During the first transport we’d managed to keep up a sitting blockade for several hours, apparently it took over four hours alone to move the Castor two kilometres due to the obstruction. In the end, however, the water cannons proved way too strong for us and after being hit in the face; kicked and being threatened with batons and mass arrests we had to give up and let the transport through. Our shouts and catcalls of discontent and disappointment were deafening.  The second time I never made it down to the route, unfortunately the police caught our group in a field, kept us in a police van for about five hours and after the Castor had managed to pass through, I was escorted to my car. Feeling so helpless, being faced with the whole range of radical measures which the police had been officially allowed to take to stop us getting down to the route, I found very unsettling.  Needless to say, I also felt very annoyed and angry with myself that day for not running faster…
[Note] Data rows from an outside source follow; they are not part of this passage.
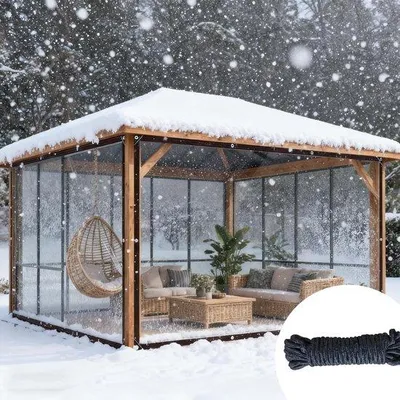 Immagine prodotto di Telo protettivo trasparente in PVC Unyqoos® – ideale per proteggere giardino, terrazza e serre, resistente allo strappo, traslucido e dotato di occhielli metallici rinforzati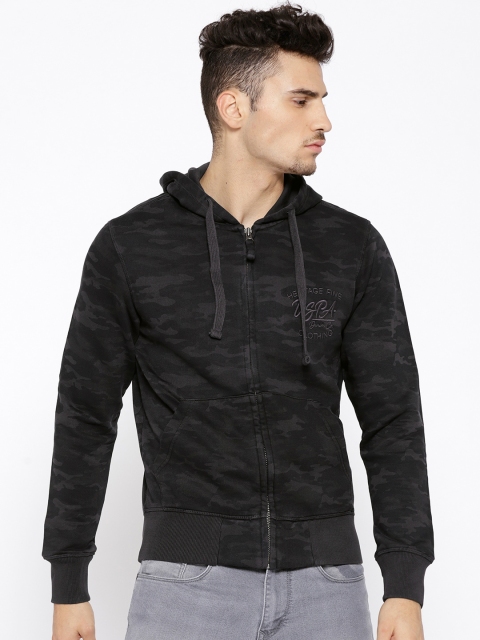 

U.S. Polo Assn. Denim Co. Men Black & Charcoal Grey Printed Hooded Sweatshirt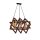 Rustic Walnut Chandelier, 43 x 43 x 57 cm, Adjustable Height, Wooden Body & Metal Frame, E27 Socket, Max 40W, Perfect for Southwestern & Country Decor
Dorothée Menzner (Die Linke) said last year: “I can’t say that I’m crying many tears about the departure of former chancellor Schröder, but at least with one thing he was right. I quote: ‘Nuclear transports across the republic, that can only be secured through a massive police force, do not fit with my view of a reasonable and forward thinking democracy’”.  But sadly the vigor and enthusiasm of his government declaration speech eleven years ago left him quite quickly. 17.000 heavily armed riot police to keep 16.000 protesters at bay, barbed wire, unmuzzled dogs, civilian movements being restricted, civil rights violated, constitutional protections cast aside and a complete ban on demonstrations around the area are still the reality of a Castor transport today.

A spokesman of the local resistance group ‘Bürgerinitiative Lüchow-Dannenberg’ states that breaches of basic rights are regularly and knowingly committed during the transports: “On the agenda of breaches to enforce the transports against the interests of the population are the basic right to life and physical integrity (Art. 2), the right to freedom of assembly (Art. 8), the right to privacy of correspondence, posts and telecommunication (Art. 10) and the right to property (Art. 14).’”

But the police brutality and the breaches of civil rights have been widely criticised.  And a ruling of Germany’s supreme court earlier this year that gives residents along the waste transport routes the right to litigate against the transports gives hope to keep the protests up.  Also today, at least, Germany has no applications from nuclear companies to build new nuclear power plants, due to the very negative attitude that exists in the country towards nuclear energy, which will hopefully continue.